Running these machines costs a lot of money. If I’m running 24/7 and capturing 1,000 tons of carbon a year, OK. If I’m only running half the time, capturing 500 tons a year, the dollar per ton just doubled. The capital cost is still the same. That’s the problem with all of these capital-intensive processes: You need them to operate a significant amount of the time. Usually you shoot for 85[%] to 90% of the time.

$100 per ton is just a target to aspire to. What’s wrong with that?

I just like to deal with facts. I think it’s disingenuous. If you’re really interested in solving climate change, you’ve got to level with people.

Estimates from the U.N. and other sources say that if we want to get to where we need to be, we may need to remove 10 billion tons of carbon dioxide a year by midcentury. Do you agree with that?

It’s at minimum a few billion tons a year, because there are certain sectors that are really hard to decarbonize. A part of that depends on how expensive you think these different sectors are to do, and then how expensive you think the offsets are going to be.

It’s very frustrating. When people think things are too easy, they won’t address the hard decisions, even though those hard decisions may end up with a better solution.

Say I want to decarbonize airplane biofuels and that costs me $700 per ton. If I can capture carbon from the air for $500 per ton, why not just keep emitting the carbon dioxide out of the airplane and capture the air to offset it? And it’s cheaper by $200 per ton. So that’s the driving force. And so I would say that even direct air capture at $500 a ton will have a benefit. For offsets like DAC, they’re going to be more effective for anything that costs more than their price. And so you have to look at the whole system.

It gets more complicated, because there are quite a few negative emissions technologies. DAC isn’t the only one. And none of them are unlimited in their application. If you have a technology that can give you unlimited carbon removal at $100 a ton, that’s nirvana. We’re done, we’ve solved that problem.

If $600 to $1,000 per ton is the likely cost of CDR, what role do you think it will play to get to net zero?

The question is, will there be other, cheaper offsets than that? Every offset has problems. Offsets from bioenergy with carbon capture and storage are cheaper and much more doable. The big issue is the biomass feedstock: how much there is and what the cost will be. Another option, one that I really like, is called liming the ocean. But politically, it’s a nightmare. Think about throwing a chemical in the middle of the ocean. Just think of the protest. But even today, by putting carbon dioxide in the atmosphere, most of that ends up in the ocean.

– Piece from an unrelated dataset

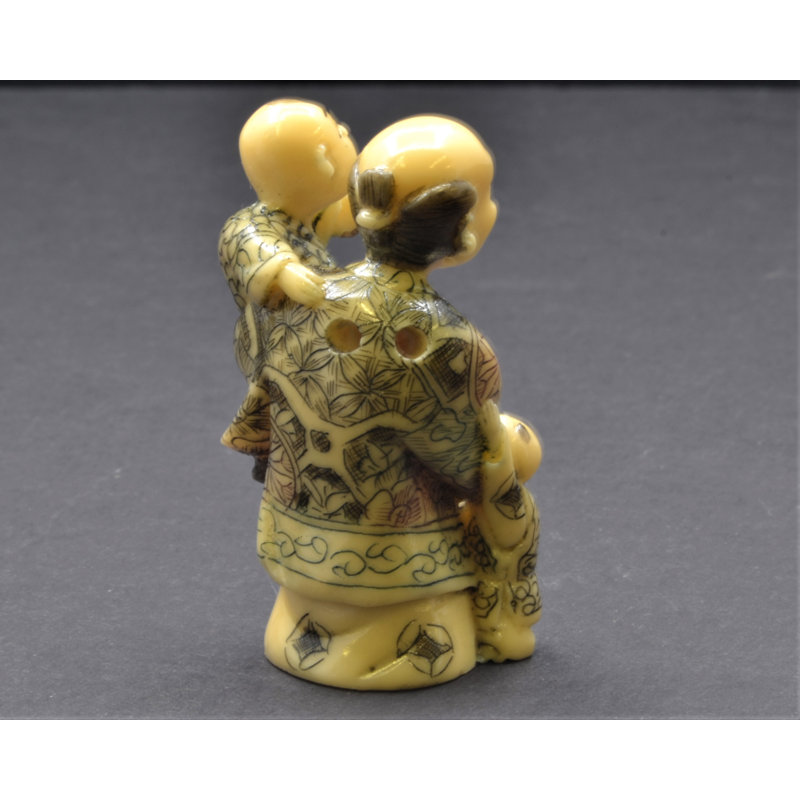 Figurine japonaise tenant un bébé Netsuke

It’s very frustrating. When people think things are too easy, they won’t address the hard decisions, even though those hard decisions may end up with a better solution. At this point, I don’t know if liming the ocean is a great idea or not, but it has a lot of potential, and we have to look at things like that if we want to get to net zero. And people say capturing carbon dioxide from the air for $100 per ton will get us to net zero. But if it’s a fantasy, it’s not going to get us there.